Dataset section —
----------
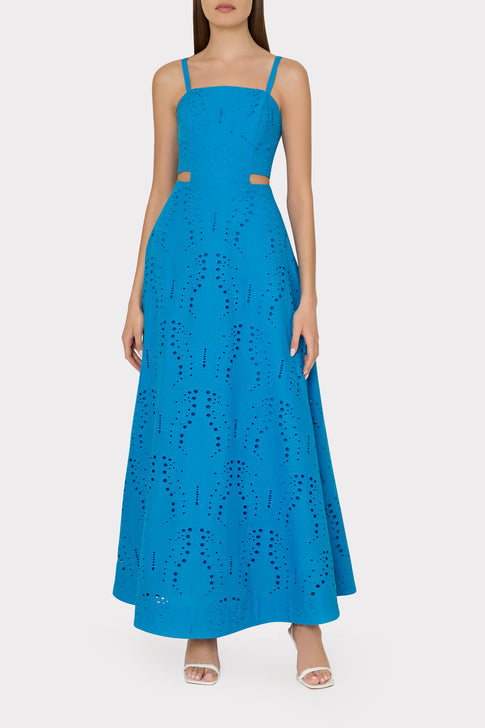 Crosby Butterfly Eyelet Maxi Dress Blue Image 2 of 4
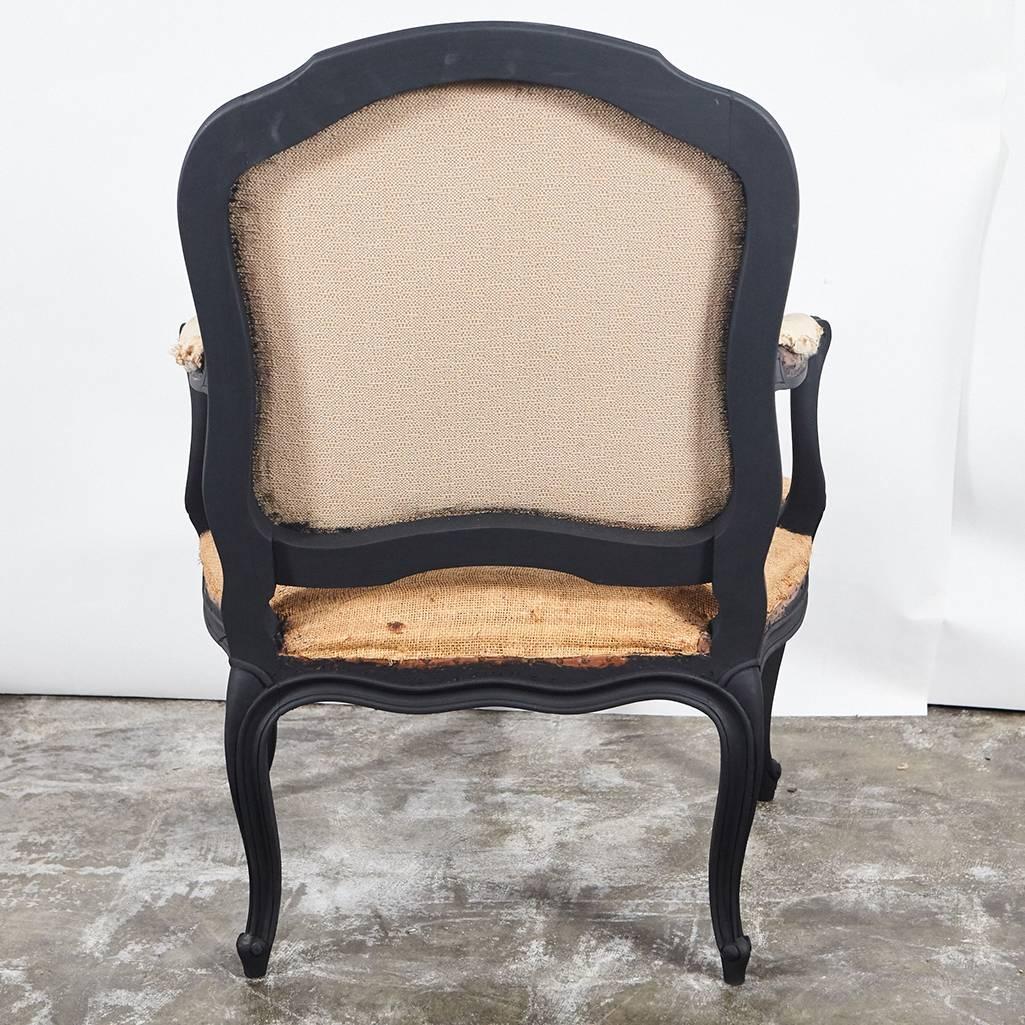 Wood Louis XV Style Matt Black Pair of Chairs For Sale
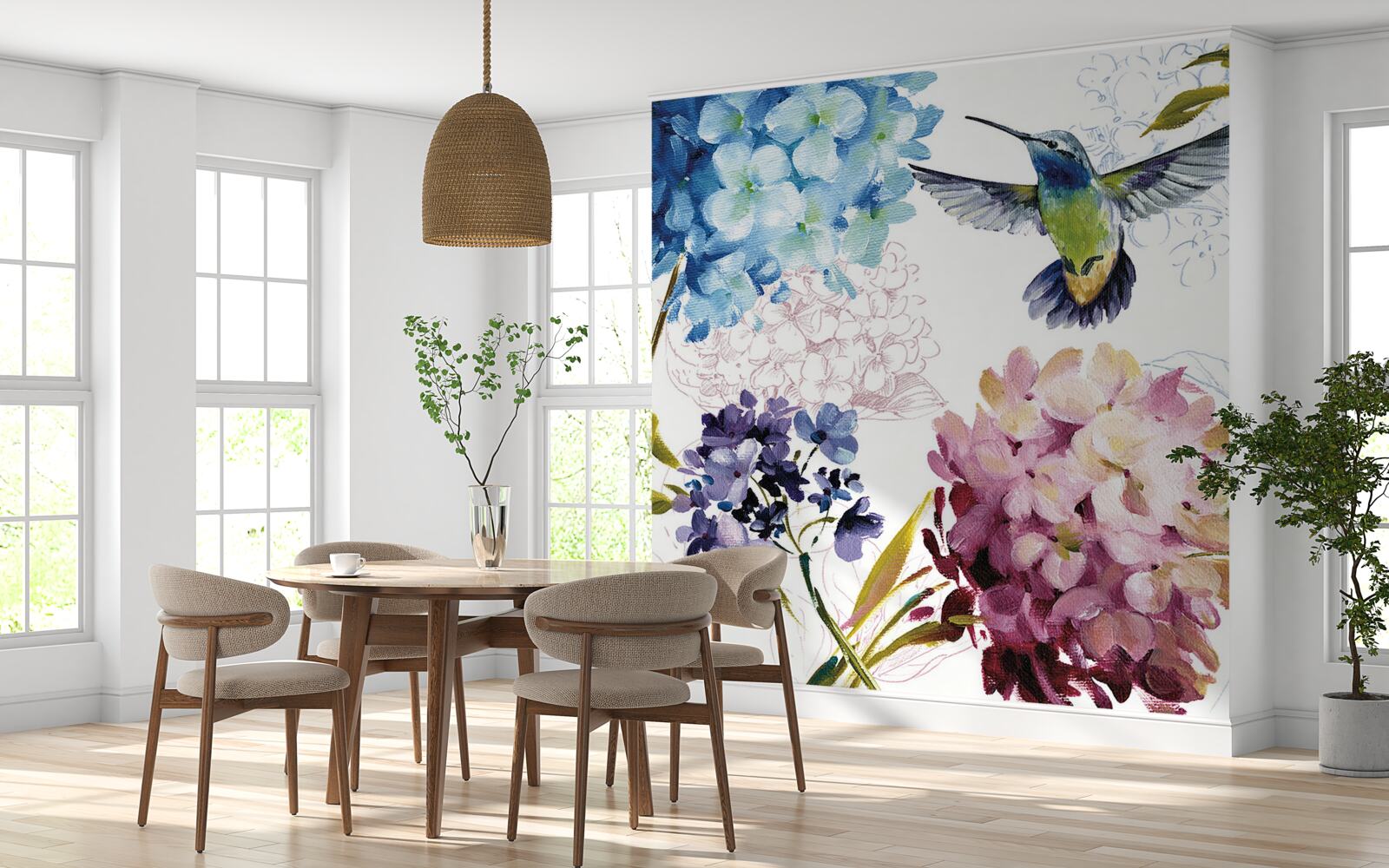 Фотошпалери колібрі, зображений серед квітів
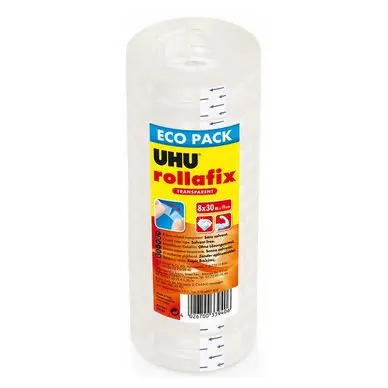 Acheter En Ligne Bande adhésive Rollafix Transparent Pack de 8 rouleaux 30 m - Uhu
----------
Exercise aim — Please copy the data shown above, line by line and exactly, omitting the images.

Answer space —
 Crosby Butterfly Eyelet Maxi Dress Blue Image 2 of 4
 Wood Louis XV Style Matt Black Pair of Chairs For Sale
 Фотошпалери колібрі, зображений серед квітів
 Acheter En Ligne Bande adhésive Rollafix Transparent Pack de 8 rouleaux 30 m - Uhu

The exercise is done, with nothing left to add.